I can’t say that losing Peyton has been any harder on me than my husband; only that we grieve in entirely different ways. Where I cry and talk and question incessantly, he tends to be more accepting. Where I retreat to deal with my pain alone, he chooses to find joy in the company of others. On Tuesday night, as we sat at a restaurant waiting for dinner, I mentioned that I had been in a real “funk” all day, feeling frustrated by my inability to be “strong” during this, and doubtful that things will ever be the way I had imagined them. It’s been seven months since Peyton died, and sometimes it feels as raw as if it had been only seven days. The fact of the matter is grief doesn’t respect time; there are okay days and there are bad days and Tuesday just happened to be the latter. I began to question whether my weakness bothered him; if he was upset with me for still being so broken up; what he wanted from me.
“That’s simple,” he answered, his tone honest and caring, “I want you to be happy.”
Our plates arrived and the subject changed; this exchange becoming just another blip on the radar.

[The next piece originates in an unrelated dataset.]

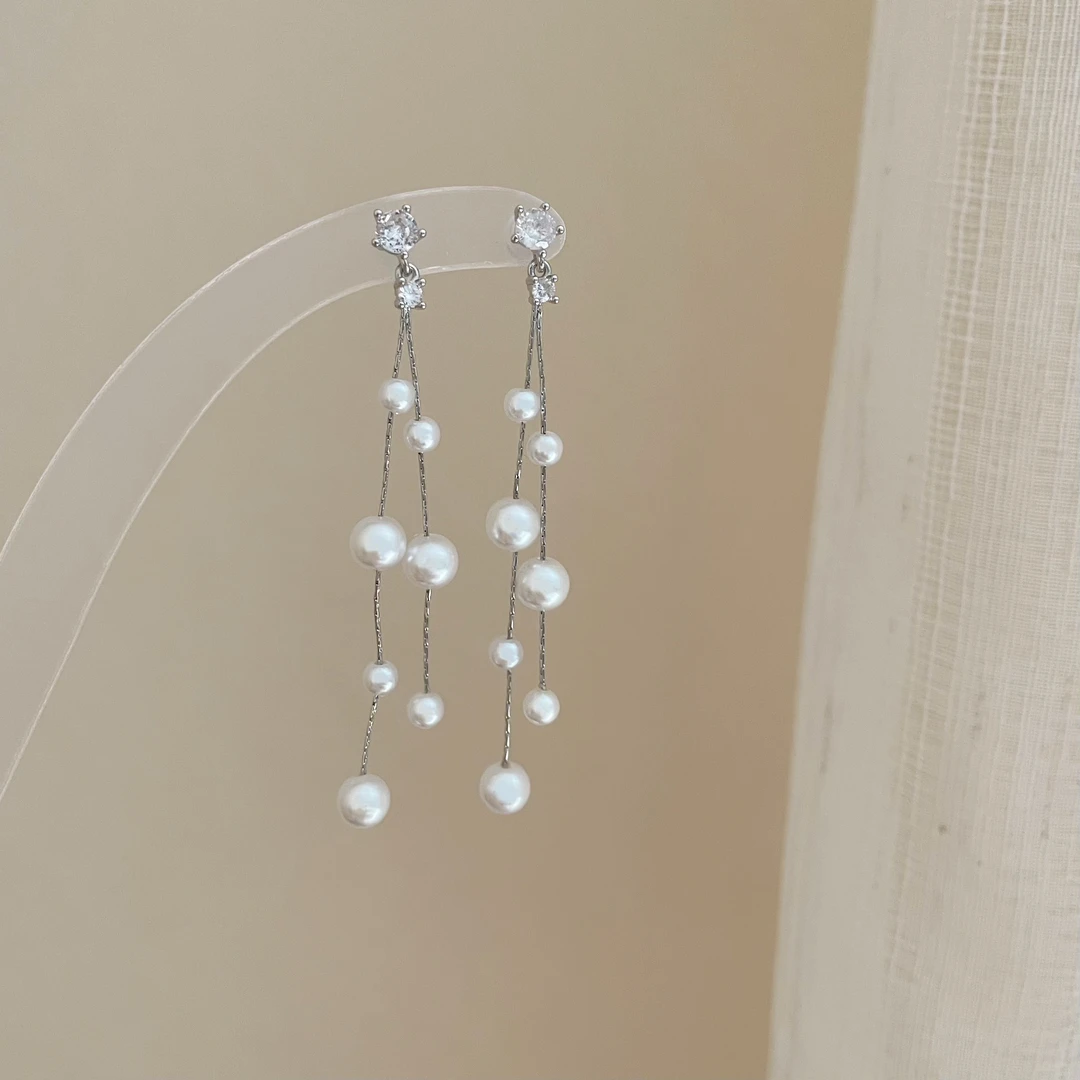 铜合金耳饰 D2135 超仙珍珠时尚高级精致轻奢绝美百搭耳饰女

We began to talk instead about our meals, the saltiness of my drink, how his day had gone. I had actually totally forgotten about the conversation until I woke up yesterday morning to find the tiny slip of paper, a Chinese fortune, retrieved from the pocket of a loving man and left intentionally in plain site. Leaning over it I read the blue lettering:
Happier days are definitely ahead for you.
This may seem insignificant, but to me meant the world. I remembered that my husband mentioned that he had gone out for Chinese with some friends over lunch. I pictured him reading the fortune, then placing it in his pocket so that he could bring it home to share with me. For the first time in a long time, I started my day with a smile. Even in this darkness I have never been alone; he has always been at my side. I am blessed by the love that I share with this man, and it is my faith in that love that tells me that we will find those happier days together.